*Your task:* Everything below from the line with "Diamond-studded Zircon Fan-shaped" through the line with "Circle Velvet Skirt" should be copied exactly, and nothing else; leave out the pictures.

*Data provided:*
#####
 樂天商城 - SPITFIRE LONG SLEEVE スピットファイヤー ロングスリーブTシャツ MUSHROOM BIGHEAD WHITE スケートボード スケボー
#####
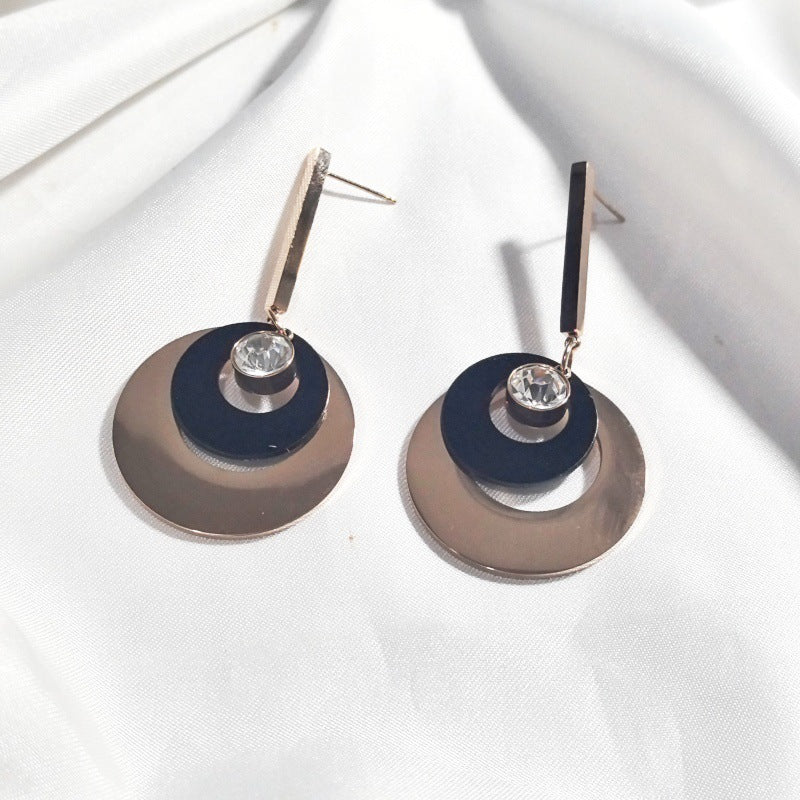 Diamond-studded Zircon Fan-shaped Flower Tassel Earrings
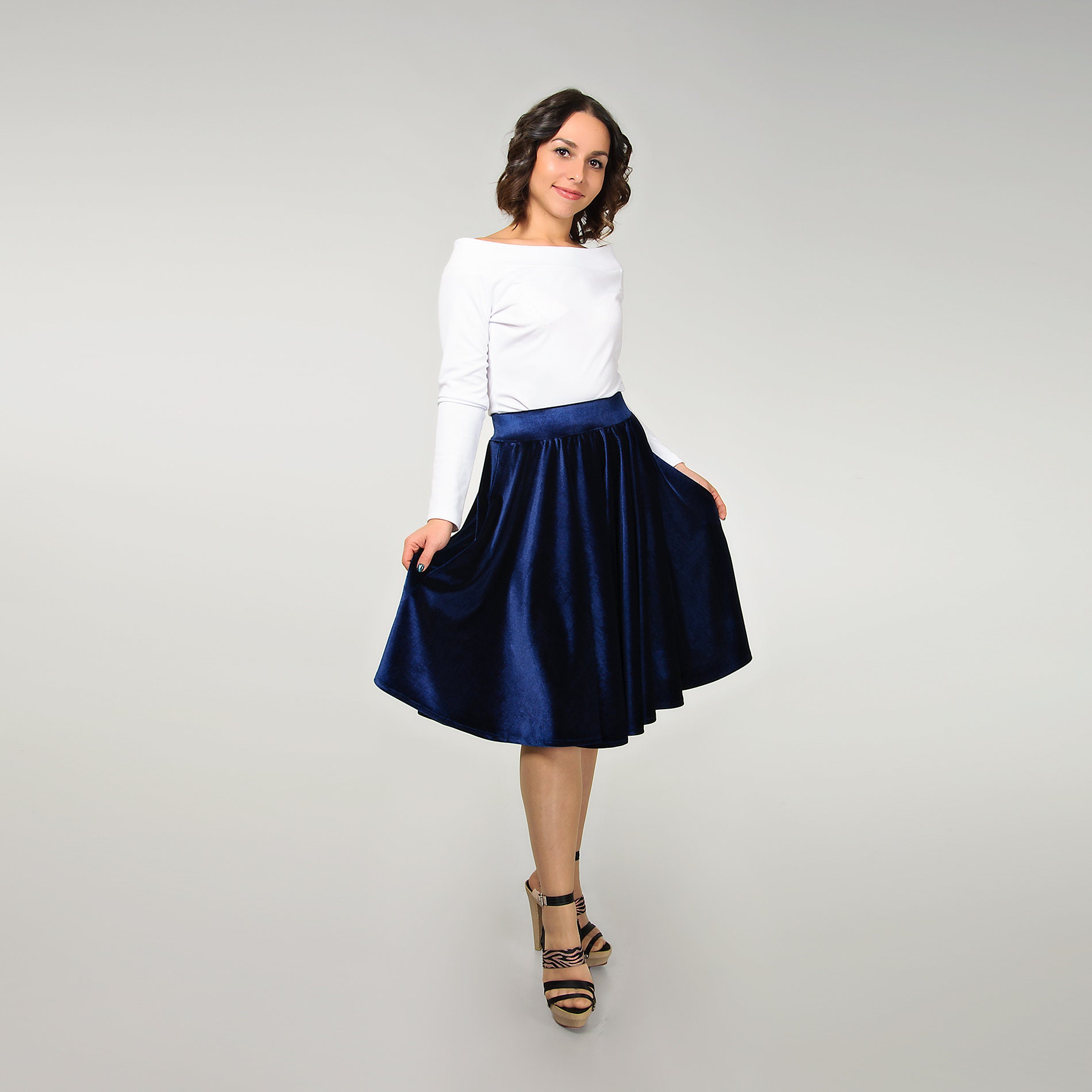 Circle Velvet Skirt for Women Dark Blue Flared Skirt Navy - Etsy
#####
*Output for this exercise:*
 Diamond-studded Zircon Fan-shaped Flower Tassel Earrings
 Circle Velvet Skirt for Women Dark Blue Flared Skirt Navy - Etsy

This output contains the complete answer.